** Opening Information provided block **

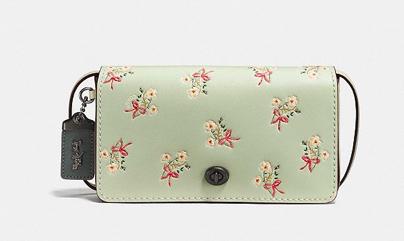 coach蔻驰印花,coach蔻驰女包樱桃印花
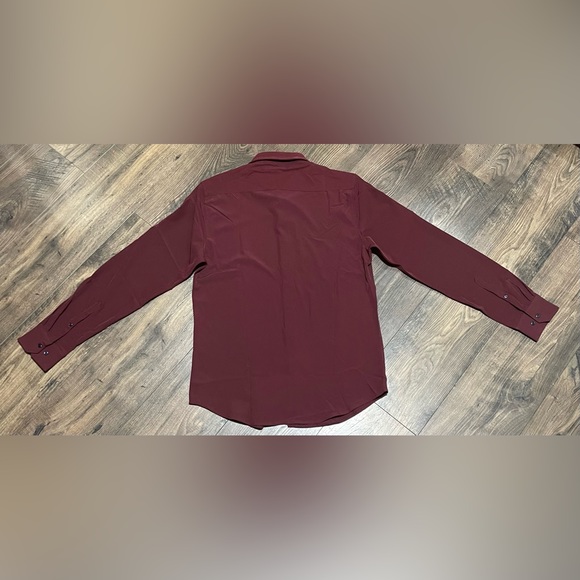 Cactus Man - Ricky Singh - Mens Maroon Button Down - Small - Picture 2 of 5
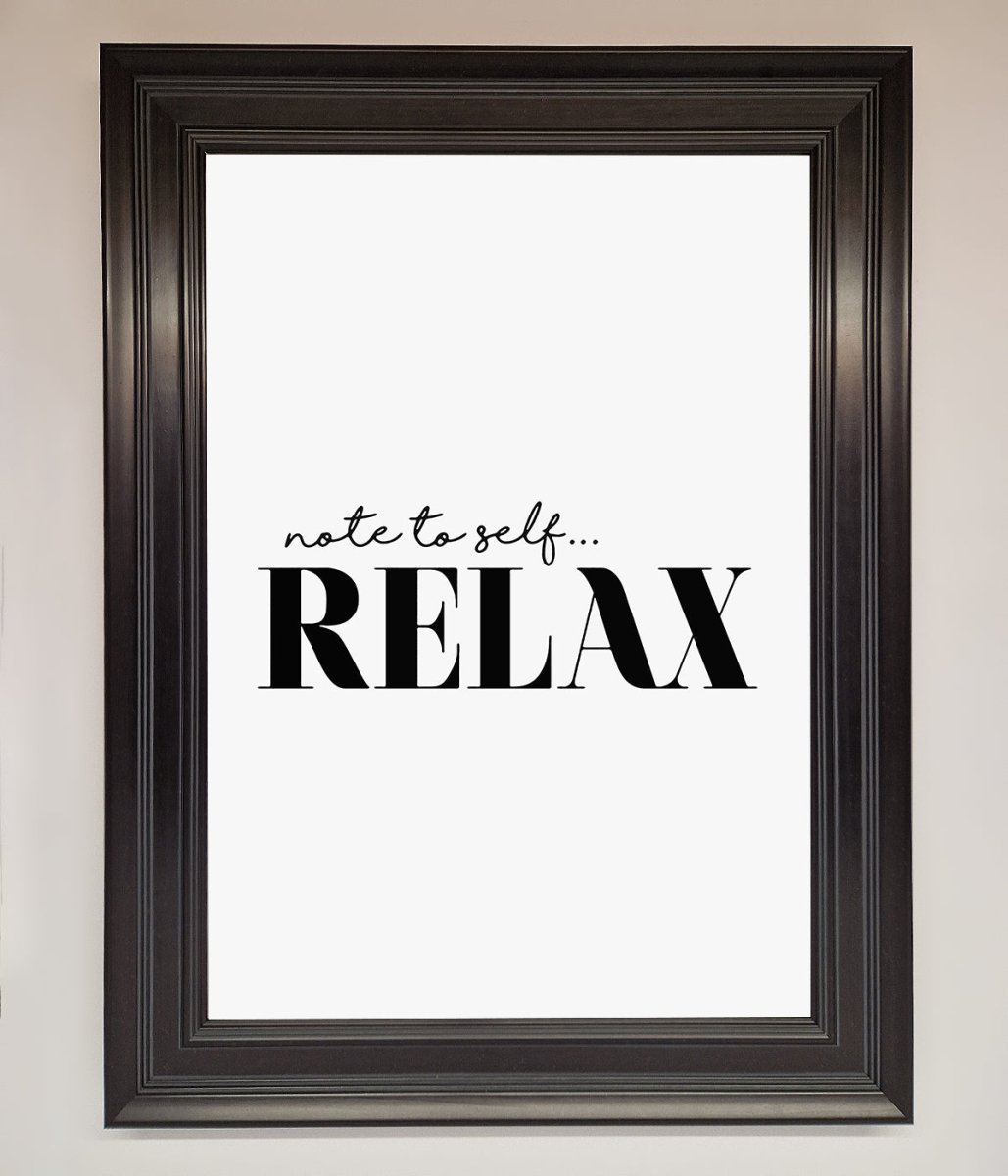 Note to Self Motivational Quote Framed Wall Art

** Closing Information provided block **

## Brief
Please give back the material above exactly as written, pictures omitted.

## Output for this task
 coach蔻驰印花,coach蔻驰女包樱桃印花
 Cactus Man - Ricky Singh - Mens Maroon Button Down - Small - Picture 2 of 5
 Note to Self Motivational Quote Framed Wall Art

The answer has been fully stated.